◆ ACTIVITY
In the material below, the lines between the one holding "Levitation (Print Only) thumbnail" and the one holding "Ladang Gandum Hijau", inclusive, are to be set down word for word. Pictures stay out.

◆ PROVIDED RECORDS
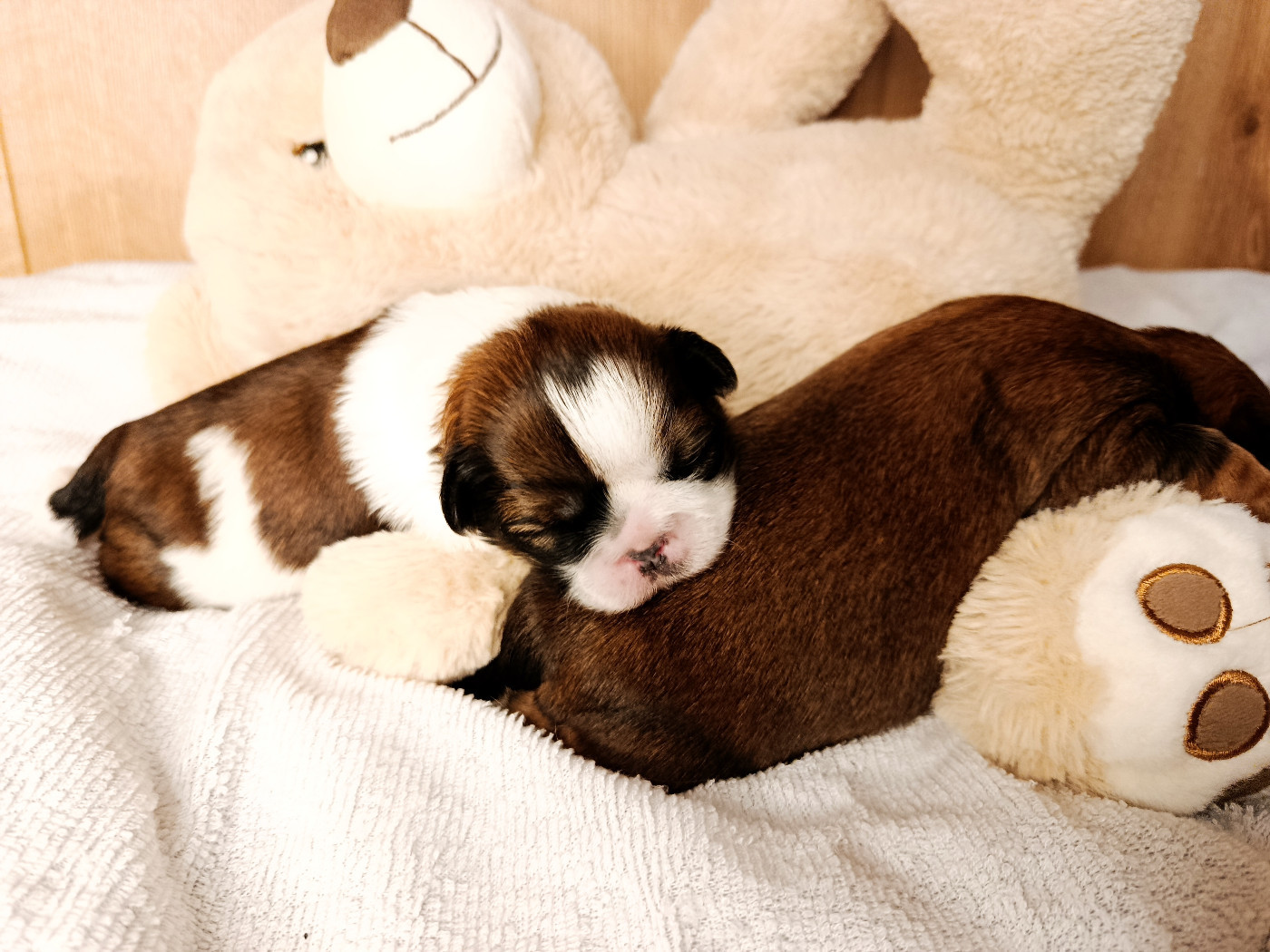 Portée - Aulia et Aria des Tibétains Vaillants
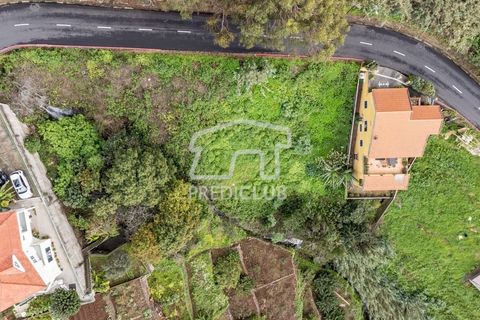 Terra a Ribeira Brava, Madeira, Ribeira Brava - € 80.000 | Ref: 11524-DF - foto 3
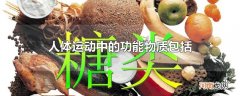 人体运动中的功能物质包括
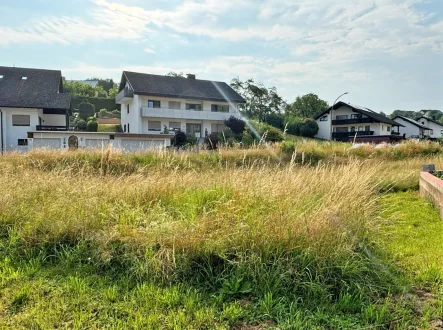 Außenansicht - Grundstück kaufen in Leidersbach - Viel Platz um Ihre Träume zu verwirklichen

...

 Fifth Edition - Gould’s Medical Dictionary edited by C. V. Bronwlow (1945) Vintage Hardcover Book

--

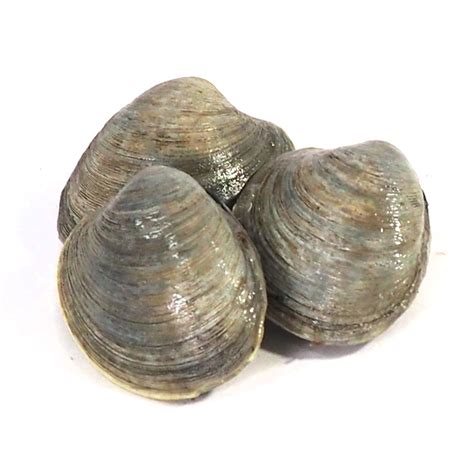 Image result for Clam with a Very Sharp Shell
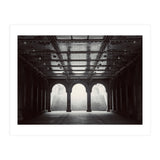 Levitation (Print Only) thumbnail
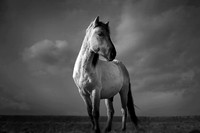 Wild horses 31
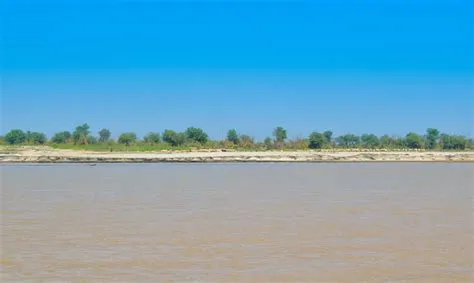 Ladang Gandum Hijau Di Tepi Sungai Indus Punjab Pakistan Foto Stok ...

◆ TASK RESPONSE
 Levitation (Print Only) thumbnail
 Wild horses 31
 Ladang Gandum Hijau Di Tepi Sungai Indus Punjab Pakistan Foto Stok ...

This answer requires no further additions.